From Halpern's Fixed-Point Iterations to Nesterov's Accelerated Interpretations for Root-Finding Problems
Quoc Tran-Dinh
TL;DR
The paper advances a unified view of acceleration for fixed-point and monotone-inclusion problems by establishing a rigorous equivalence between Halpern's fixed-point iteration and Nesterov's accelerated schemes under a $\tfrac{1}{L}$-co-coercive operator. It then extends this equivalence to derive new Nesterov-accelerated variants for proximal-point, forward-backward, and three-operator splitting, as well as for extra-anchored gradient methods, even when co-coerciveness is relaxed to mere monotonicity and Lipschitz continuity. Through Lyapunov/energy-function analyses, the authors obtain $O(1/k^2)$-type and $o(1/k^2)$-type convergence results and prove convergence of all iterates in many settings, complemented by corollaries for specific parameter choices. Numerical experiments on linear regression and minimax saddle problems corroborate the theoretical rates and demonstrate practical speedups of the accelerated schemes in both co-coercive and non-coercive scenarios.
Abstract
We derive an equivalent form of Halpern's fixed-point iteration scheme for solving a co-coercive equation (also called a root-finding problem), which can be viewed as a Nesterov's accelerated interpretation.
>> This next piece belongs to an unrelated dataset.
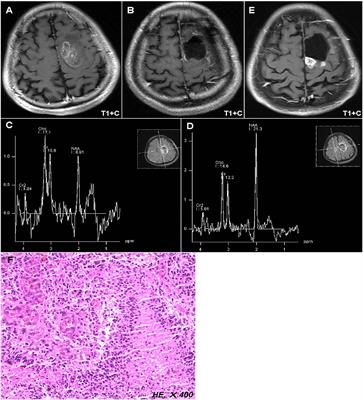 Higher Cho/NAA Ratio in Postoperative Peritumoral Edema Zone Is Associated With Earlier Recurrence of Glioblastoma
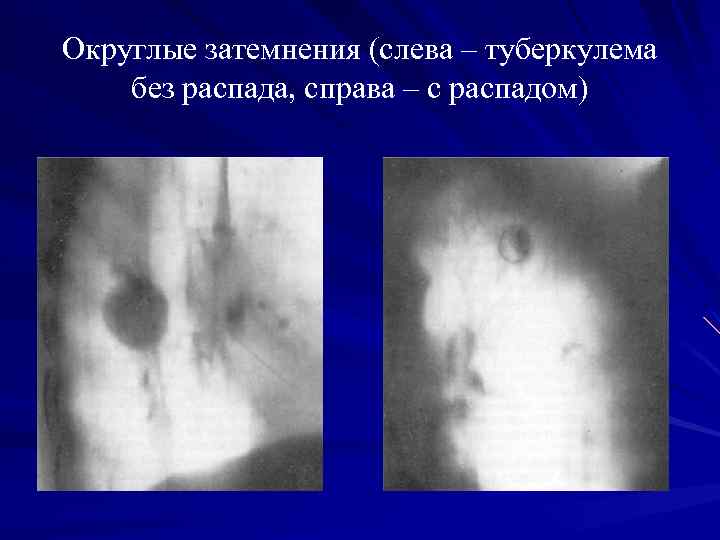 Узловое образование правого легкого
We show that one method is equivalent to another via a simple transformation, leading to a straightforward convergence proof for Nesterov's accelerated scheme. Alternatively, we directly establish convergence rates of Nesterov's accelerated variant, and as a consequence, we obtain a new convergence rate of Halpern's fixed-point iteration. Next, we apply our results to different methods to solve monotone inclusions, where our convergence guarantees are applied. Since the gradient/forward scheme requires the co-coerciveness of the underlying operator, we derive new Nesterov's accelerated variants for both recent extra-anchored gradient and past-extra anchored gradient methods in the literature. These variants alleviate the co-coerciveness condition by only assuming the monotonicity and Lipschitz continuity of the underlying operator. Interestingly, our new Nesterov's accelerated interpretation of the past-extra anchored gradient method involves two past-iterate correction terms. This formulation is expected to guide us developing new Nesterov's accelerated methods for minimax problems and their continuous views without co-coericiveness. We test our theoretical results on two numerical examples, where the actual convergence rates match well the theoretical ones up to a constant factor.